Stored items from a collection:
----

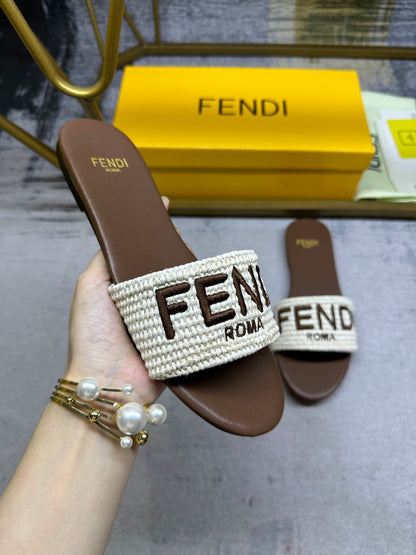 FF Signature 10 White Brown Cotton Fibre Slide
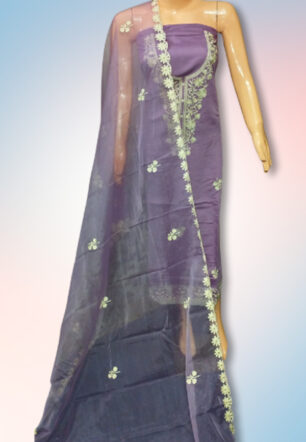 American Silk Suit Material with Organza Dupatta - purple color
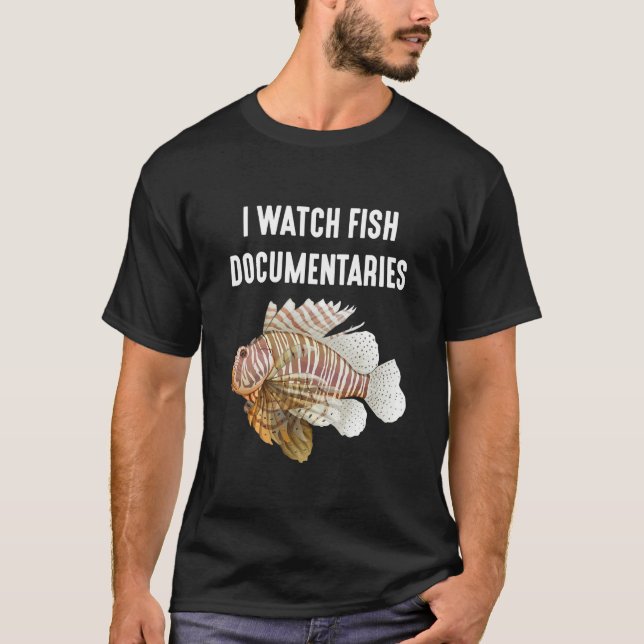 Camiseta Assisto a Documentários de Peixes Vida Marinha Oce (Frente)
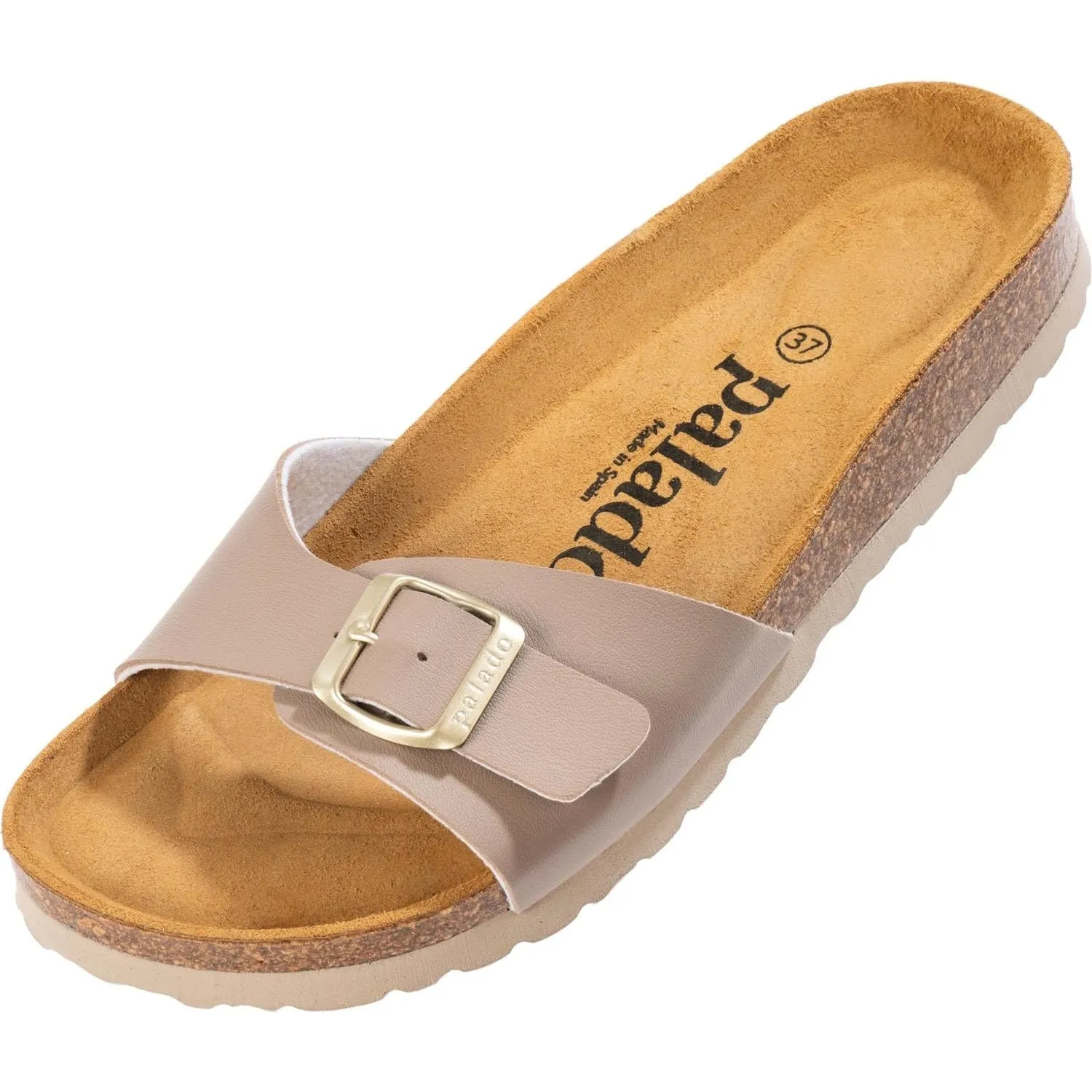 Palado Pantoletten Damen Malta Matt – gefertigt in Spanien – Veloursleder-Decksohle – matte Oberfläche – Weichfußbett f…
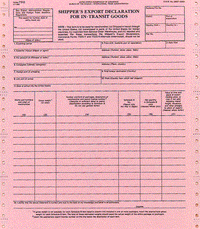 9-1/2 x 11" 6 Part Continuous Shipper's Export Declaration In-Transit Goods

----

TO DO >> With the pictures left out, copy exactly the lines from the one containing "Palado Pantoletten Damen" through the final line of the records above, both included.

ANSWER SPACE >>
 Palado Pantoletten Damen Malta Matt – gefertigt in Spanien – Veloursleder-Decksohle – matte Oberfläche – Weichfußbett f…
 9-1/2 x 11" 6 Part Continuous Shipper's Export Declaration In-Transit Goods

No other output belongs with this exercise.